-- Opening Marker --

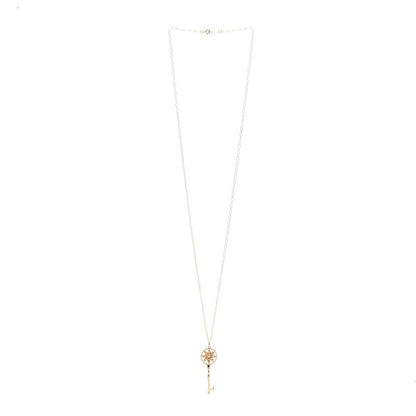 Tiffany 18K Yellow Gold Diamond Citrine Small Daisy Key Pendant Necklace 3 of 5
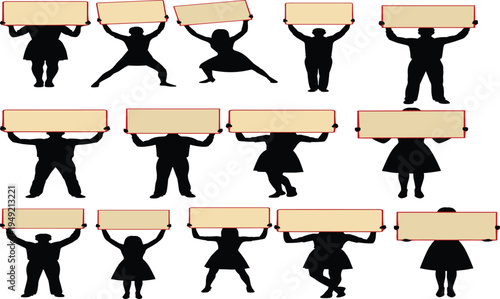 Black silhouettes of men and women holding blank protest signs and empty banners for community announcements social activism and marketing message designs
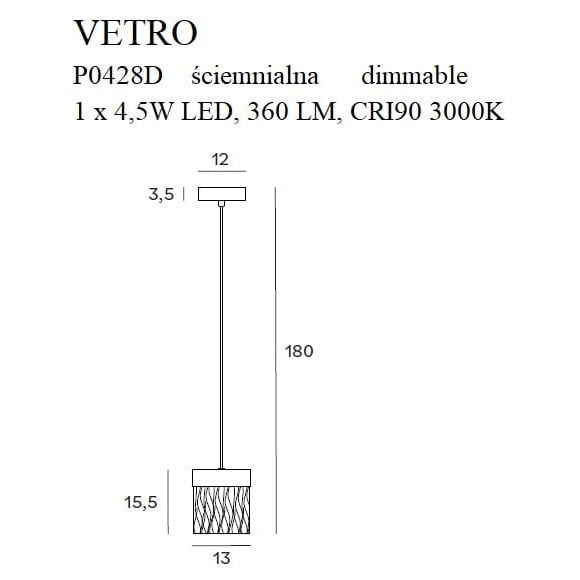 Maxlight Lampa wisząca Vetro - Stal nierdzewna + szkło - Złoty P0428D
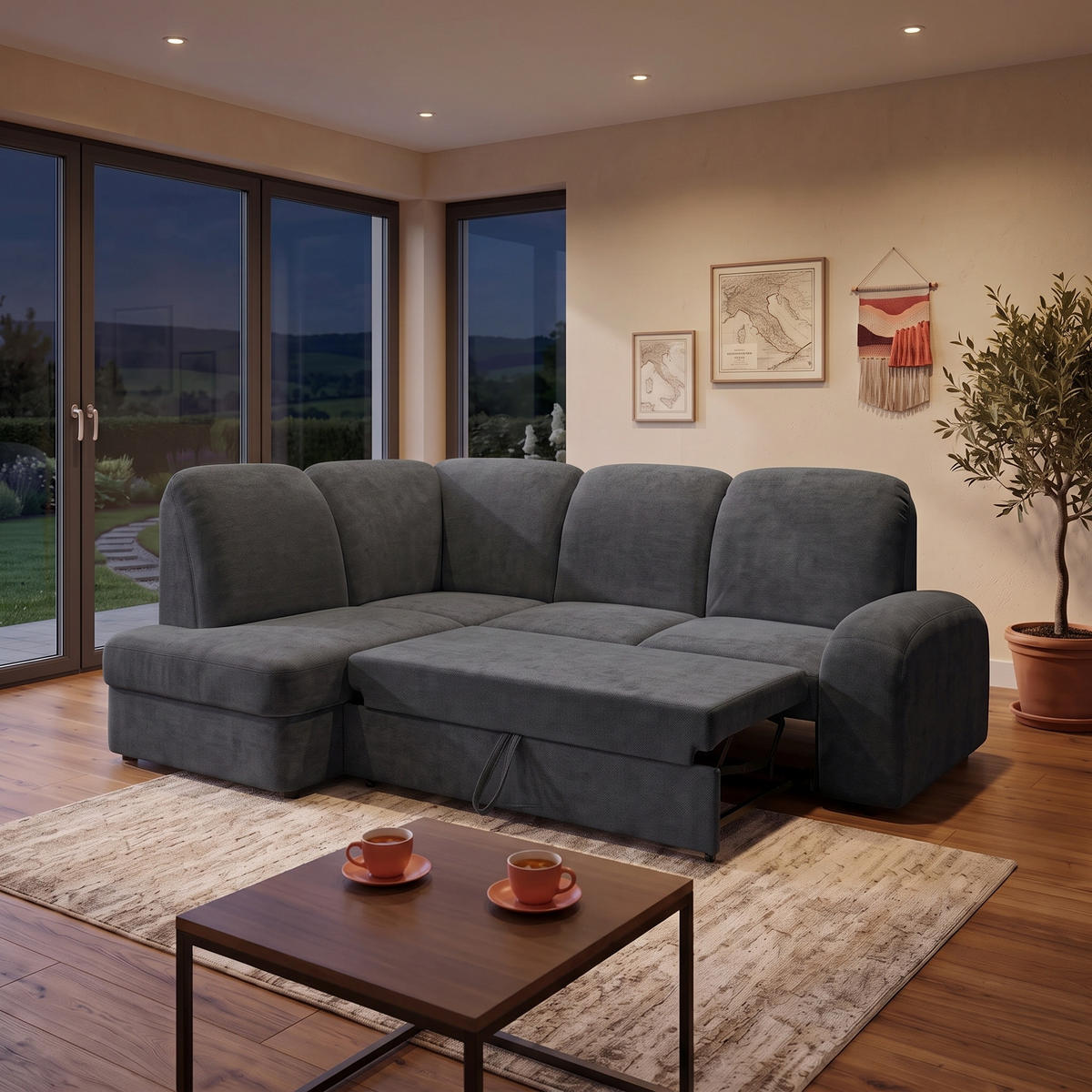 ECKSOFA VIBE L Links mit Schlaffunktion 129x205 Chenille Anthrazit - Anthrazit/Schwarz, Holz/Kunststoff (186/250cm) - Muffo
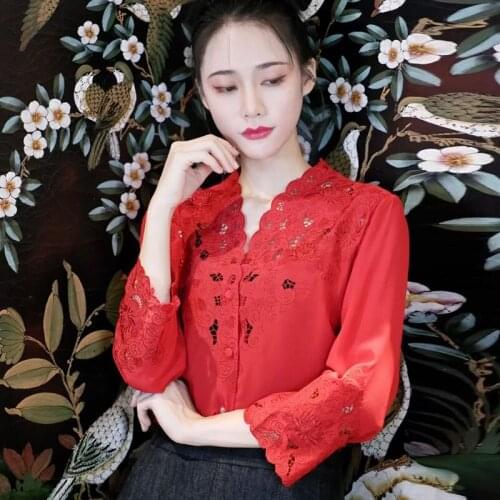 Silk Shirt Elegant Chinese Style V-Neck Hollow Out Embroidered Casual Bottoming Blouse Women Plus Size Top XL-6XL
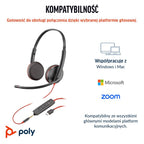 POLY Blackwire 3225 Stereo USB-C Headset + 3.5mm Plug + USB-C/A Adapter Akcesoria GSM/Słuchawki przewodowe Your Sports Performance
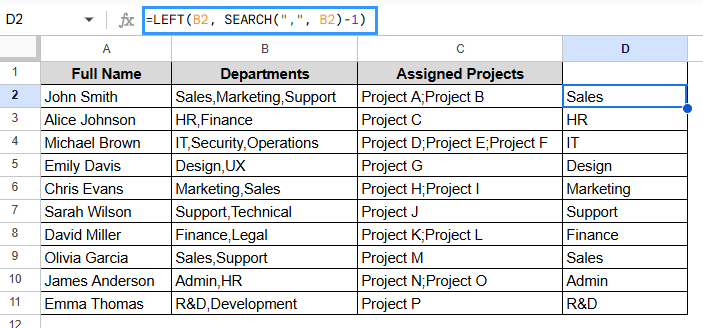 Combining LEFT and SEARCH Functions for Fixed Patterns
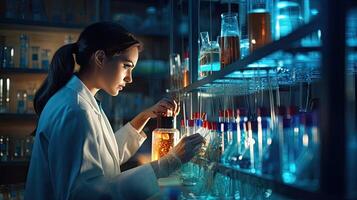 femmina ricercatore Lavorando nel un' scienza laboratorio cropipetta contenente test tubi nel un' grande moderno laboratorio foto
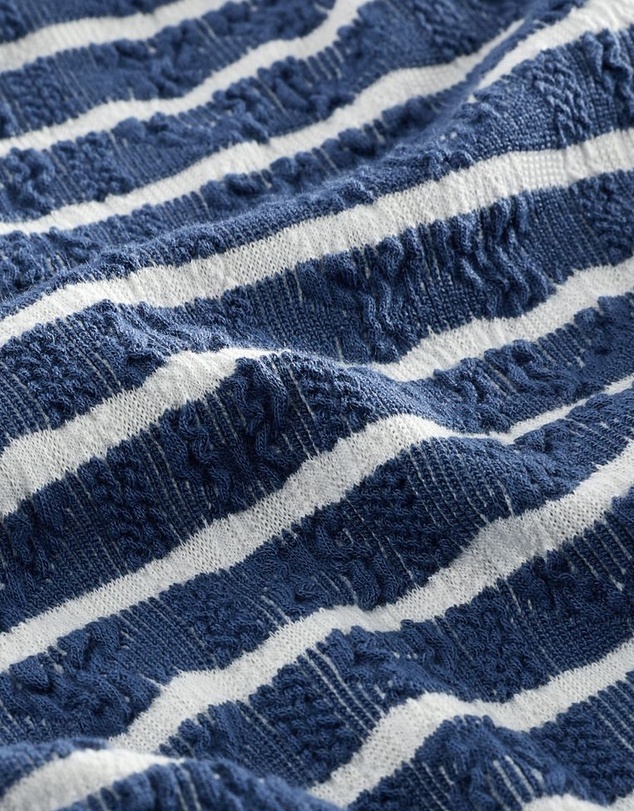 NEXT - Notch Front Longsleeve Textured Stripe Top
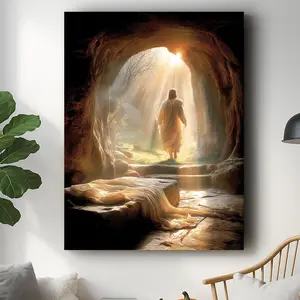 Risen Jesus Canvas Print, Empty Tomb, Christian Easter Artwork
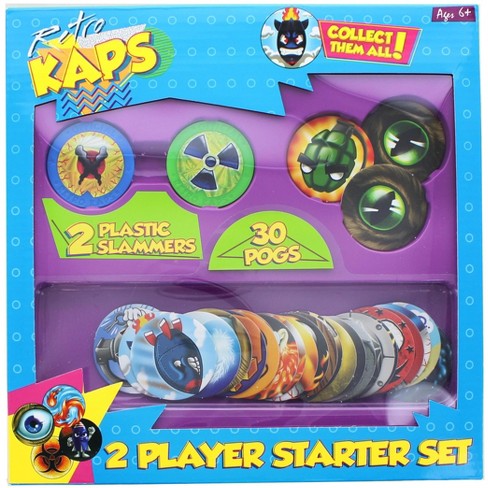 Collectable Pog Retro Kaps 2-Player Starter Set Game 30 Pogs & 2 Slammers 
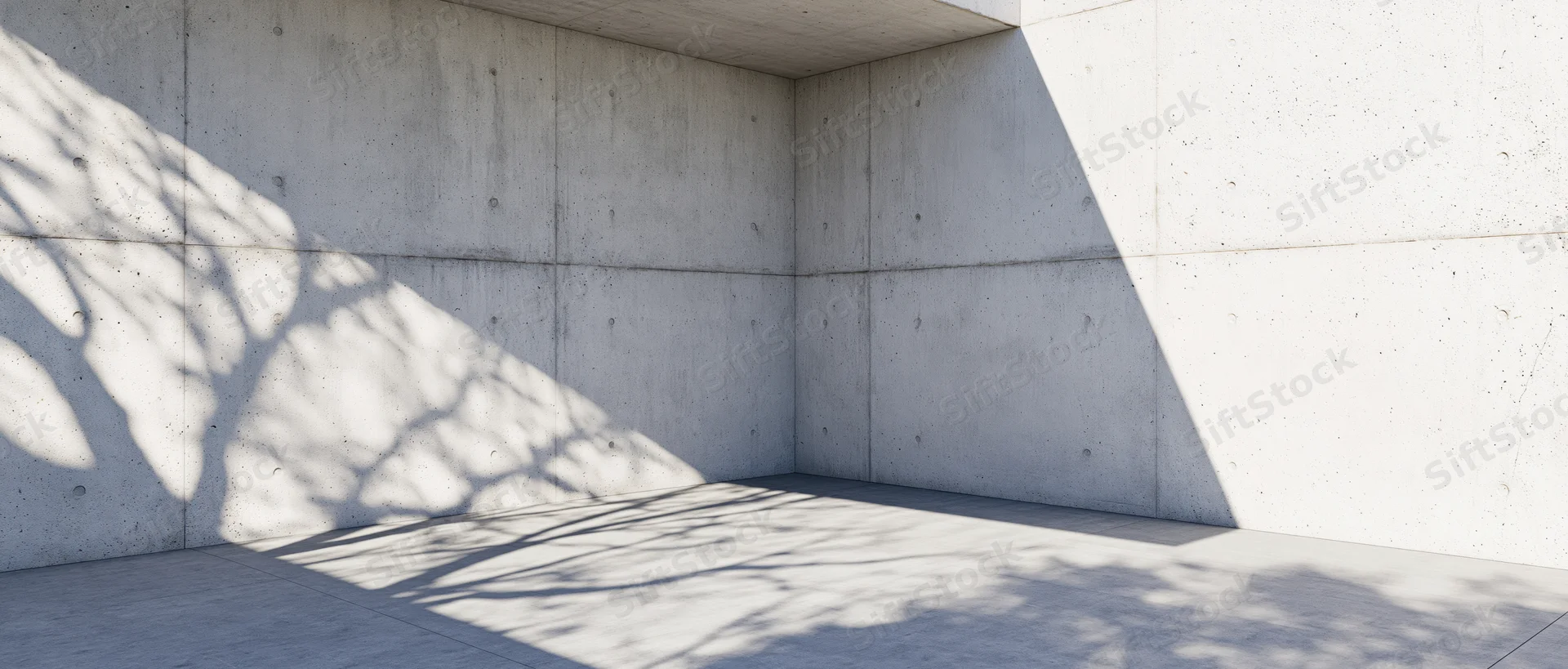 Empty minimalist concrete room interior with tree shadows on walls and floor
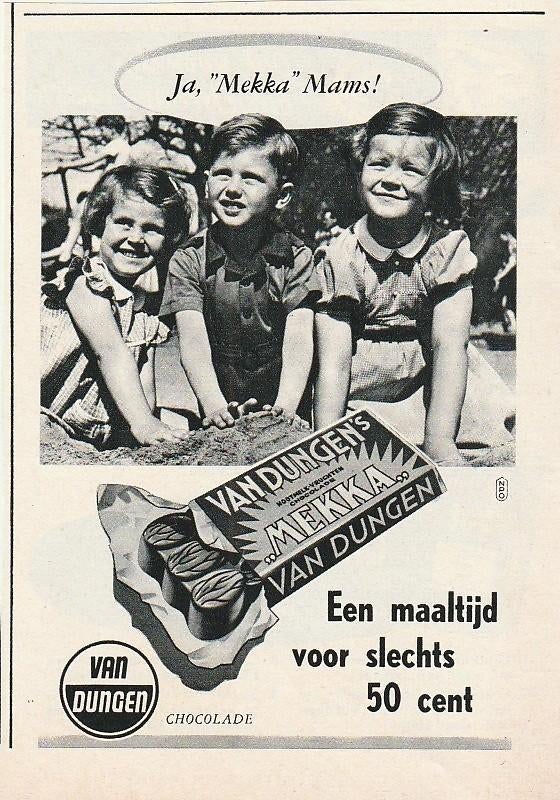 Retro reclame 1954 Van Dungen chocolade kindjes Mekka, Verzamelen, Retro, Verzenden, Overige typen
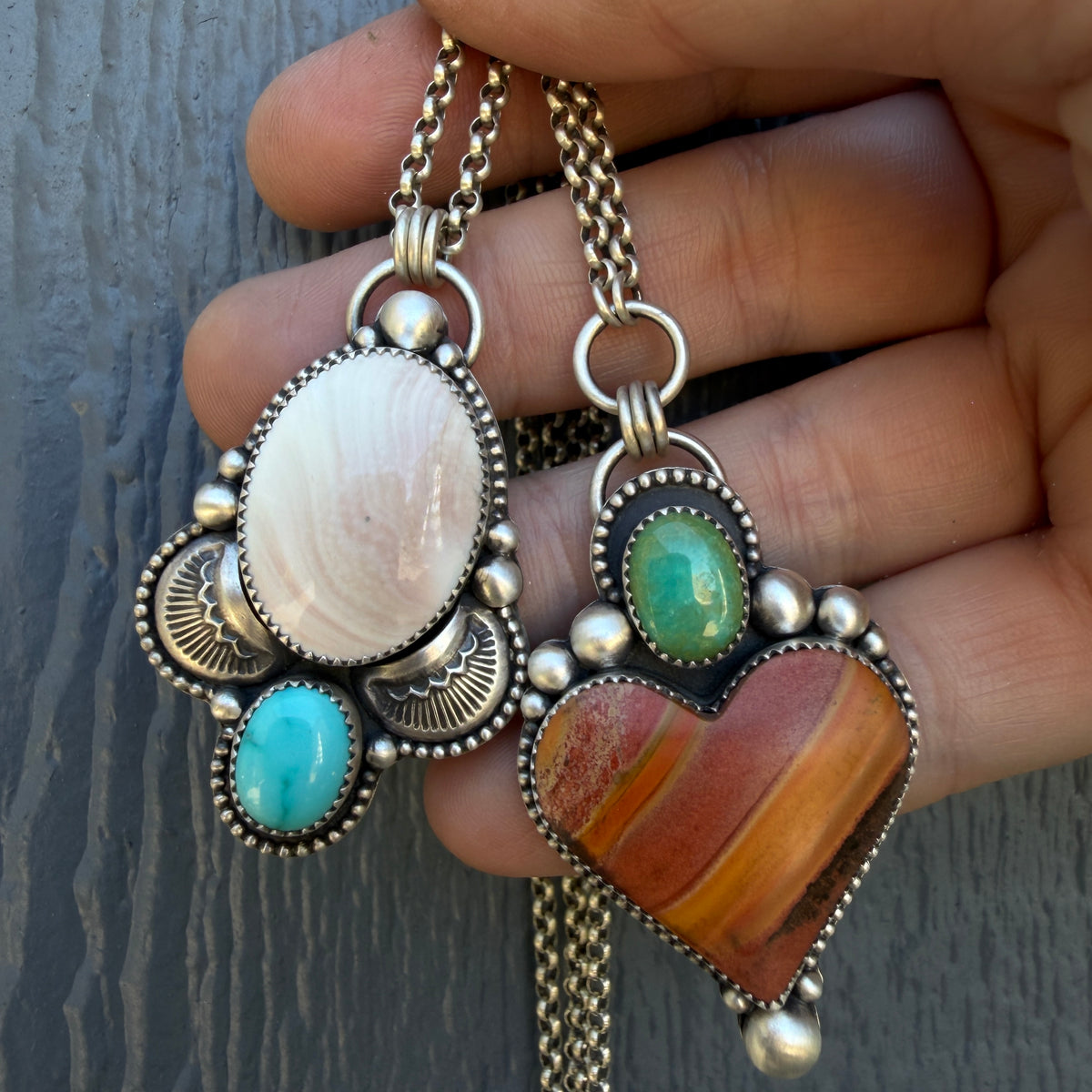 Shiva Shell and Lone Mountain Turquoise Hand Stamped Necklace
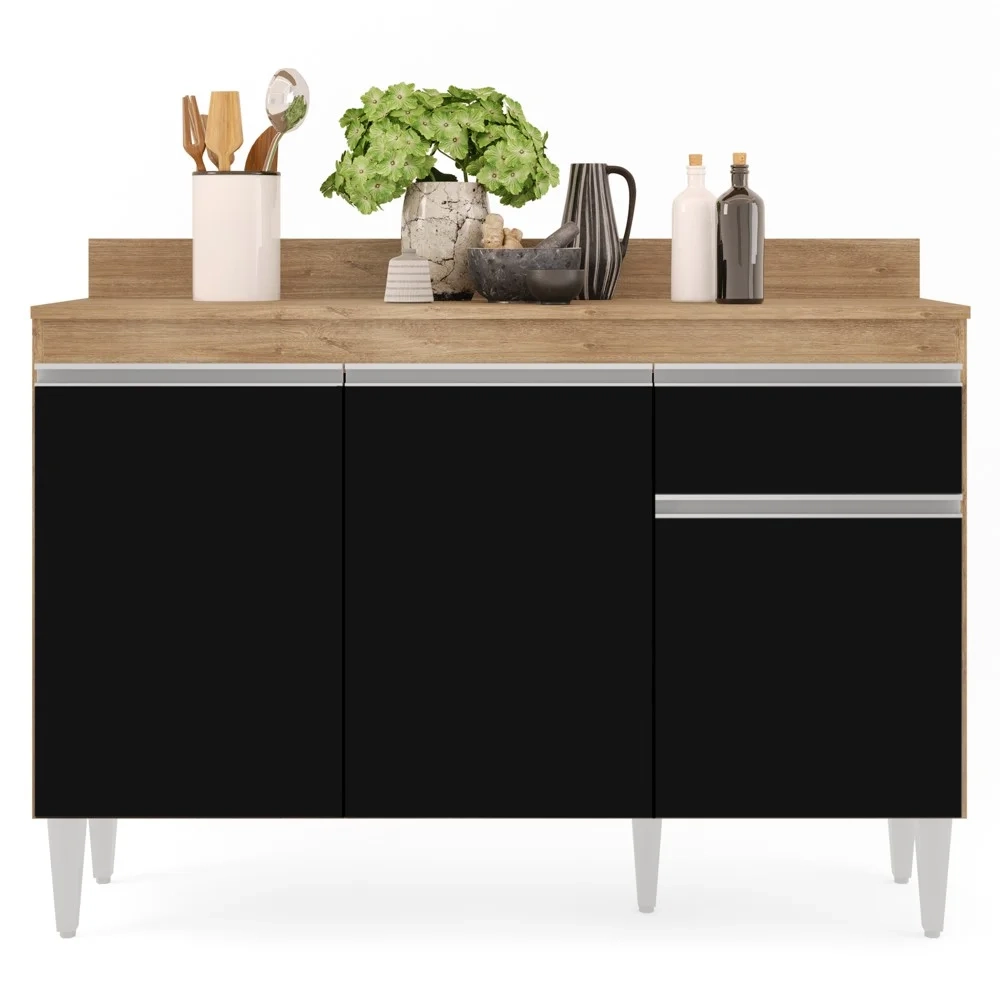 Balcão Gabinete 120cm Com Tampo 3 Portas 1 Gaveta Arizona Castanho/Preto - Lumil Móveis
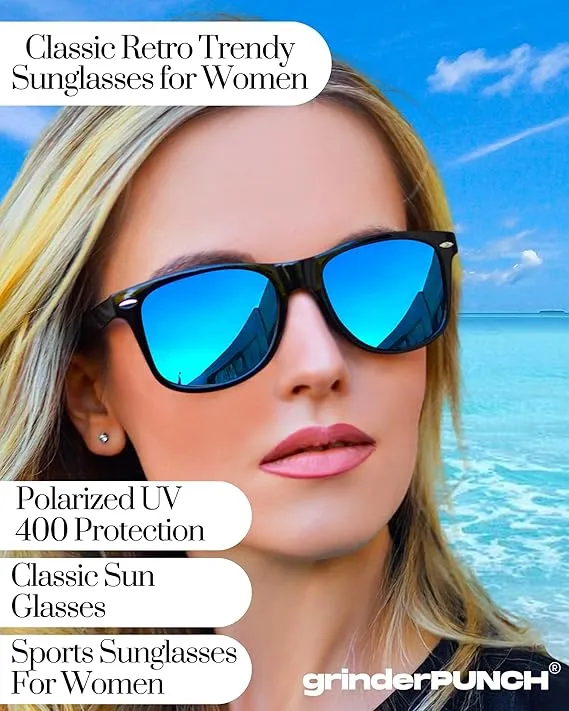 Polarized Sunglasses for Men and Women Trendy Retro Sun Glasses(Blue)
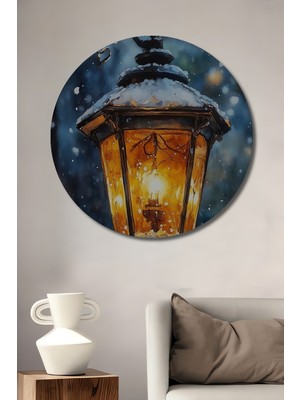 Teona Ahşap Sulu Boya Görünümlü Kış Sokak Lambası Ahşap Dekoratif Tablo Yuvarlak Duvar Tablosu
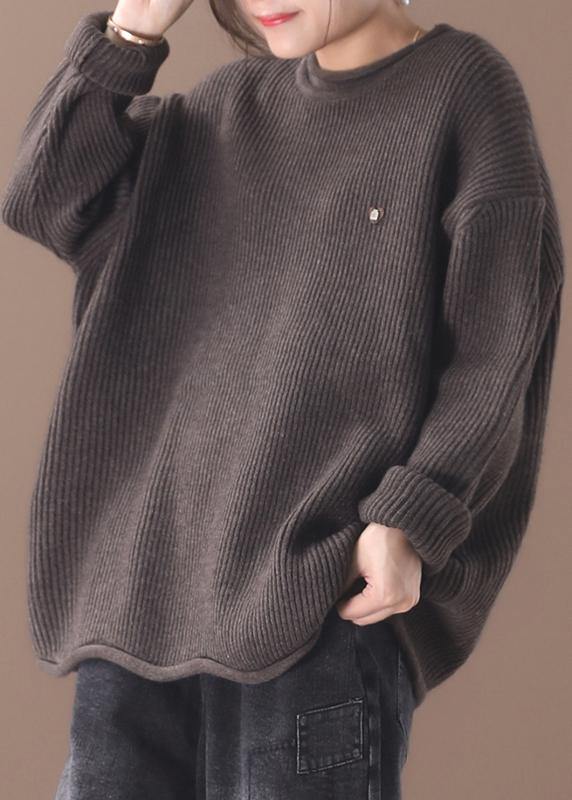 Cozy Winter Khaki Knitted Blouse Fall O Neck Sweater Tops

-- Closing Marker --

Problem details: Leave the pictures out and output the rest of the data word for word.

Finished exercise:
 Tiffany 18K Yellow Gold Diamond Citrine Small Daisy Key Pendant Necklace 3 of 5
 Black silhouettes of men and women holding blank protest signs and empty banners for community announcements social activism and marketing message designs
 Maxlight Lampa wisząca Vetro - Stal nierdzewna + szkło - Złoty P0428D
 ECKSOFA VIBE L Links mit Schlaffunktion 129x205 Chenille Anthrazit - Anthrazit/Schwarz, Holz/Kunststoff (186/250cm) - Muffo
 Silk Shirt Elegant Chinese Style V-Neck Hollow Out Embroidered Casual Bottoming Blouse Women Plus Size Top XL-6XL
 POLY Blackwire 3225 Stereo USB-C Headset + 3.5mm Plug + USB-C/A Adapter Akcesoria GSM/Słuchawki przewodowe Your Sports Performance
 Combining LEFT and SEARCH Functions for Fixed Patterns
 femmina ricercatore Lavorando nel un' scienza laboratorio cropipetta contenente test tubi nel un' grande moderno laboratorio foto
 NEXT - Notch Front Longsleeve Textured Stripe Top
 Risen Jesus Canvas Print, Empty Tomb, Christian Easter Artwork
 Collectable Pog Retro Kaps 2-Player Starter Set Game 30 Pogs & 2 Slammers 
 Empty minimalist concrete room interior with tree shadows on walls and floor
 Retro reclame 1954 Van Dungen chocolade kindjes Mekka, Verzamelen, Retro, Verzenden, Overige typen
 Shiva Shell and Lone Mountain Turquoise Hand Stamped Necklace
 Balcão Gabinete 120cm Com Tampo 3 Portas 1 Gaveta Arizona Castanho/Preto - Lumil Móveis
 Polarized Sunglasses for Men and Women Trendy Retro Sun Glasses(Blue)
 Teona Ahşap Sulu Boya Görünümlü Kış Sokak Lambası Ahşap Dekoratif Tablo Yuvarlak Duvar Tablosu
 Cozy Winter Khaki Knitted Blouse Fall O Neck Sweater Tops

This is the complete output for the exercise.